| WORK TO BE COMPLETED |
Below is a listing; repeat exactly the lines from the one containing "Regenbogen - Bloemen" to the one containing "Hulkfit قابلة للطي", both included.

[TASK DATA — start]

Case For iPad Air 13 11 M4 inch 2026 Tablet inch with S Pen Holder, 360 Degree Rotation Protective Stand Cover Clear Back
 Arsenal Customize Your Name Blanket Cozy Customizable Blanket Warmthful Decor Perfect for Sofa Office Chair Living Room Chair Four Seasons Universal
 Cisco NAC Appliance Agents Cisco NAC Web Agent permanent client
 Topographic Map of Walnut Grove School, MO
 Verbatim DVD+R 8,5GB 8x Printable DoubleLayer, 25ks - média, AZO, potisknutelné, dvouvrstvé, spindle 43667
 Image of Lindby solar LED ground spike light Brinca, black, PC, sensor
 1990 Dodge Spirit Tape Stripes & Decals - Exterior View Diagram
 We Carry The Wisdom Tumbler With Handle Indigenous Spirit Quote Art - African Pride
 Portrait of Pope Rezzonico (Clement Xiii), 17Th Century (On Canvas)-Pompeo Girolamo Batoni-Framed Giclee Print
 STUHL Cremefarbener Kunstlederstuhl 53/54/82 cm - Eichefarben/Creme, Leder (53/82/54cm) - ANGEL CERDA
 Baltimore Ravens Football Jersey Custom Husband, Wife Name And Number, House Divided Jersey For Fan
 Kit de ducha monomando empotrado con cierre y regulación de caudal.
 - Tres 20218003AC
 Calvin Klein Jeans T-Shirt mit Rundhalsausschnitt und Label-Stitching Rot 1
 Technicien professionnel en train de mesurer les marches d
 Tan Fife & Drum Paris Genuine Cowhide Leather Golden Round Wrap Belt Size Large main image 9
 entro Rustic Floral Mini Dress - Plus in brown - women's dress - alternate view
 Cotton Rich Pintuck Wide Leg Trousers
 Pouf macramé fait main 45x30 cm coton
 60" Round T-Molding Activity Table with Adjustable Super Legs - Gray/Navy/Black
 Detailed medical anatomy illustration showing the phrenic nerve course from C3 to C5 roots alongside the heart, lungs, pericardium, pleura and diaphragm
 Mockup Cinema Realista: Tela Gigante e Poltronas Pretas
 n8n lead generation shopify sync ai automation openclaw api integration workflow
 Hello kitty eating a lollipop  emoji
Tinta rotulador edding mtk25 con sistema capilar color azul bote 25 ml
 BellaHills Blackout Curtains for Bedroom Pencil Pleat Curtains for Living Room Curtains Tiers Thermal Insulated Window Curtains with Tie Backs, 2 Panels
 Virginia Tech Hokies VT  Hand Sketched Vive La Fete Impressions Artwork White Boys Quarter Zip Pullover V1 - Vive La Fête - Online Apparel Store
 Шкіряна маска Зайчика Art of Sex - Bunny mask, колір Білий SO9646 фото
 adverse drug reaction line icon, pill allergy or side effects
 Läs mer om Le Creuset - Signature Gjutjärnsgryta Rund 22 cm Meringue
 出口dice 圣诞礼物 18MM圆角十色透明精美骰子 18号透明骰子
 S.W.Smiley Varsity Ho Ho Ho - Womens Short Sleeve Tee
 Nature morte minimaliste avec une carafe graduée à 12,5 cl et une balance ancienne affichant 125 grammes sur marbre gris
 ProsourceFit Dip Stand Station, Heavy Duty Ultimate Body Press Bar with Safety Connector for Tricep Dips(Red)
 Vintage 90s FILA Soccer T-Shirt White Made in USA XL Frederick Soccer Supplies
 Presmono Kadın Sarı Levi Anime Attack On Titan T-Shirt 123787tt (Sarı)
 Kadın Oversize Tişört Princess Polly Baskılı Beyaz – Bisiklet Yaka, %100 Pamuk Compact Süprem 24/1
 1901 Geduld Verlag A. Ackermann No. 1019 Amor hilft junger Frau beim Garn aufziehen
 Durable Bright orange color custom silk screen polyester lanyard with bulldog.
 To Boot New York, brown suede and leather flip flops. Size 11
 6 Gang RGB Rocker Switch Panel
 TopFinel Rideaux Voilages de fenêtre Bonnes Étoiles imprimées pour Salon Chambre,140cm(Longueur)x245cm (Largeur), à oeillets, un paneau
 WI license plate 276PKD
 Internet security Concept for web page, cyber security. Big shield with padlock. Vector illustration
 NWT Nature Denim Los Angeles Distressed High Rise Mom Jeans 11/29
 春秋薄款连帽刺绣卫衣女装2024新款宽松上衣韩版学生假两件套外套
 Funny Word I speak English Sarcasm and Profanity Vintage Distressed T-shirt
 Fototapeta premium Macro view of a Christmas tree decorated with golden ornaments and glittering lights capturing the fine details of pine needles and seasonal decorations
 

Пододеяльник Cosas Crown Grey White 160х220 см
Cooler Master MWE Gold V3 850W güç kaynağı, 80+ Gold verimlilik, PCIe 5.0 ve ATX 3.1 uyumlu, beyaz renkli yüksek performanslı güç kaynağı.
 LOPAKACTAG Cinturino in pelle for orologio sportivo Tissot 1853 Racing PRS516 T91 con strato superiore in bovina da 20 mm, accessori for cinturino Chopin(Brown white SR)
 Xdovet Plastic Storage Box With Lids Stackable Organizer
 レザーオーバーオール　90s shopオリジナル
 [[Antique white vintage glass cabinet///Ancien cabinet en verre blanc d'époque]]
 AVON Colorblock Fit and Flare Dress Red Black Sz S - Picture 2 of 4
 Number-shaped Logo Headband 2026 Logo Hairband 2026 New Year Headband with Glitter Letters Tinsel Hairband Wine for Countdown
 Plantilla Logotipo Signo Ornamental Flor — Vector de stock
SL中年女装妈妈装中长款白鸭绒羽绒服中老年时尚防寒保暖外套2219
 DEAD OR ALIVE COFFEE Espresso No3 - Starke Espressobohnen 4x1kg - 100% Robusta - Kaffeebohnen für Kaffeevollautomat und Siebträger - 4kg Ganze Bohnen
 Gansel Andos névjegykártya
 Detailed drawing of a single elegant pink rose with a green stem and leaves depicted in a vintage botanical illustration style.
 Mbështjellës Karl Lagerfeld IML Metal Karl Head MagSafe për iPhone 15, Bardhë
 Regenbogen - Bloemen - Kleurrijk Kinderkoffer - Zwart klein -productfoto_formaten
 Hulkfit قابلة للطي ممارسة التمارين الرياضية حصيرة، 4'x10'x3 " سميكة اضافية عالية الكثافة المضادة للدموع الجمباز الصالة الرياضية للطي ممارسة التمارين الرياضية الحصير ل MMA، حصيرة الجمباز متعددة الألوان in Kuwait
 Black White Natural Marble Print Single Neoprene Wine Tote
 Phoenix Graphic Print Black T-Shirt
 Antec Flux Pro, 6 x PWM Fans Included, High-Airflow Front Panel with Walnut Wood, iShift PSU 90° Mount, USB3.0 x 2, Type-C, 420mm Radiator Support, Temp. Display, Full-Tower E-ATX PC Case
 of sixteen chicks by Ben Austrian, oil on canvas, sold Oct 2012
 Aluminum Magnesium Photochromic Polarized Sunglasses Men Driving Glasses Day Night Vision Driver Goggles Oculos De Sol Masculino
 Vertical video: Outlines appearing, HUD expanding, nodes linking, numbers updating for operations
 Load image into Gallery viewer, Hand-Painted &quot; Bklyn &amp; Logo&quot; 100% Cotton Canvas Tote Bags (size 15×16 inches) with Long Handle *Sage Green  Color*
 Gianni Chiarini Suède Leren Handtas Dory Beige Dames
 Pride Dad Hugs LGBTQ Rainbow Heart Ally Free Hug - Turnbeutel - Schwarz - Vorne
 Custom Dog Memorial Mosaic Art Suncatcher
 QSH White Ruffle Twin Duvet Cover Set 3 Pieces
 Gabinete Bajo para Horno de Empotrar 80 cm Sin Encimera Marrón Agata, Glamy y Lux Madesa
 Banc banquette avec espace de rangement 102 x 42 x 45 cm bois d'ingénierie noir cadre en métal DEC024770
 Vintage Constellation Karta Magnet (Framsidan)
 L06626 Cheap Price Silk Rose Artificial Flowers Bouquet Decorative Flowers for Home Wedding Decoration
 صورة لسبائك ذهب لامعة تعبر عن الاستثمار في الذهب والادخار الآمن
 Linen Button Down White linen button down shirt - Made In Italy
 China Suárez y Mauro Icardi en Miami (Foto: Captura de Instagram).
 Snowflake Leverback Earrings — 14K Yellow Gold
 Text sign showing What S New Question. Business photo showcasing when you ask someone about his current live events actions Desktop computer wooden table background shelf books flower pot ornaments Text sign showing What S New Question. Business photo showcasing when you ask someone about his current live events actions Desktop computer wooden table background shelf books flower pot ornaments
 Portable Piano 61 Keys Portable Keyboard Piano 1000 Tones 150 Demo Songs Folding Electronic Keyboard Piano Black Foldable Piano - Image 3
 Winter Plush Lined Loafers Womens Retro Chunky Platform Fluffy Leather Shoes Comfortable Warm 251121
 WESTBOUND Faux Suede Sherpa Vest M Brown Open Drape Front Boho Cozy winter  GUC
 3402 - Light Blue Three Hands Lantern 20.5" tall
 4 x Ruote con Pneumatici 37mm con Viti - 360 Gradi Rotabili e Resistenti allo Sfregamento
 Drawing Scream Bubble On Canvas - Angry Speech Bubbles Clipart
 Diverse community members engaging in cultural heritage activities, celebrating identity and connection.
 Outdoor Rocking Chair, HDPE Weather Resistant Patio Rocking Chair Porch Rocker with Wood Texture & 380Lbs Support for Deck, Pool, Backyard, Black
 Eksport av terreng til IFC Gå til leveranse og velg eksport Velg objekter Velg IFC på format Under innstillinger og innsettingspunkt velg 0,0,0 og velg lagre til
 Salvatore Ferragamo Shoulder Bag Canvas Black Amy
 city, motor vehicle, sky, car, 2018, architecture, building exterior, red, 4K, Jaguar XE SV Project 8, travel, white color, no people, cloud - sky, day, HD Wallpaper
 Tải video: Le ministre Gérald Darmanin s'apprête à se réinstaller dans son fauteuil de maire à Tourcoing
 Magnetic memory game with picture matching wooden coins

[TASK DATA — finish]

| RESPONSE BOX |
 Regenbogen - Bloemen - Kleurrijk Kinderkoffer - Zwart klein -productfoto_formaten
 Hulkfit قابلة للطي ممارسة التمارين الرياضية حصيرة، 4'x10'x3 " سميكة اضافية عالية الكثافة المضادة للدموع الجمباز الصالة الرياضية للطي ممارسة التمارين الرياضية الحصير ل MMA، حصيرة الجمباز متعددة الألوان in Kuwait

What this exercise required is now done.